Go Enums Still Suck

Go “enums” and iota semantics

  • Many argue Go doesn’t truly have enums, only integer constants plus iota, which lack type safety and value constraints.
  • Some defend them as equivalent to C-style enums: just assigning numbers, with misuse (like assigning 42) being expected in such a limited type system.
  • Others counter that older languages (Pascal, Algol 68) had stronger enum/sum-type concepts decades ago, so Go feels regressive.
  • There is debate over whether enums themselves are inherently a “hack” in modern language design, with some saying a richer type system should replace them entirely.

Desire for sum types / tagged unions

  • Strong sentiment that Go’s real gap is lack of sum types/tagged unions, not just weak enums.
  • Rust/Zig/ML-style enums are held up as better models, particularly for error handling and tree-like data.
  • Nullable pointers are noted as a limited sum-type pattern, but many see this as insufficient.

Comment-based codegen and DSLs

  • The article’s approach using magic comments (//go:generate, ad-hoc DSL in comments) is widely criticized as brittle, opaque, and tooling-dependent.
  • Some see it as “idiomatic Go” given the language’s hostility to macros and richer type features; others find that an indictment of Go’s power.
  • Alternatives proposed: explicit structs/arrays, real DSLs with separate generators, or using CSV/Sheets for tabular data.

Readability, verbosity, and maintenance

  • One camp prefers explicit, verbose structs with named fields for maintainability and onboarding, especially with many mixed-type fields.
  • Another camp values brevity and argues that too much boilerplate increases cognitive load; tools/IDEs could visualize compact representations better.
  • Disagreement centers on whether shorter, denser constructs help or hurt comprehension in large teams.

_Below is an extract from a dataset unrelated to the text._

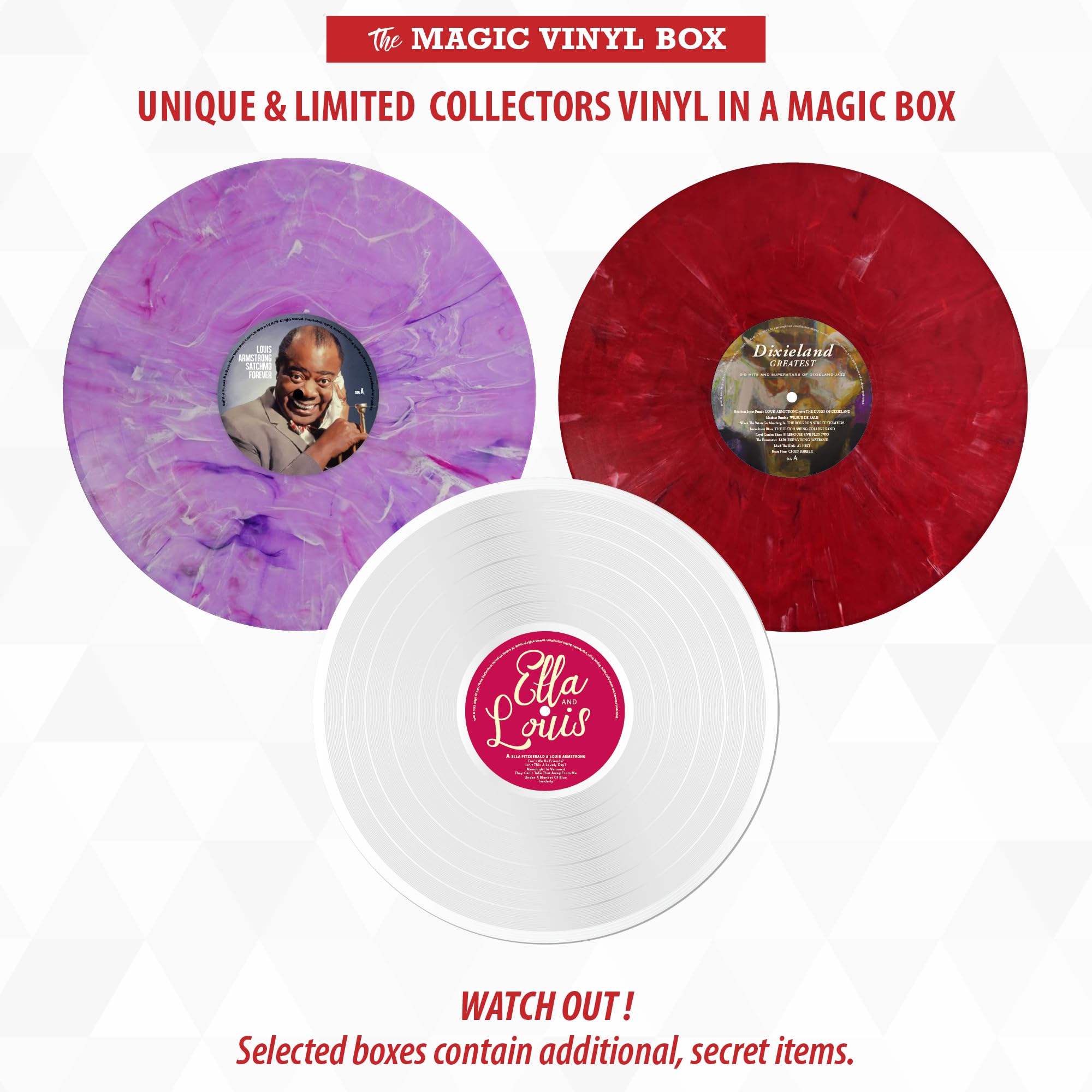 Louis Armstrong and Friends - Magic-V-Box - 3 Vinylschallplatten - einzigartig und limitiert - Top Geschenk!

Broader critique of Go’s design direction

  • Some see Go as intentionally underpowered: low abstraction, basic type system, and conservative stance on features (sum types, richer generics, better enums, Result/Either types).
  • Others argue Go hits a sweet spot for “shipping over cleverness,” with low cognitive load and enough power for many backend and infrastructure tasks.
  • There is concern that Go’s popularity crowds out more advanced “C successors,” while others feel Go simply filled a real gap (fast, GC’d, relatively simple).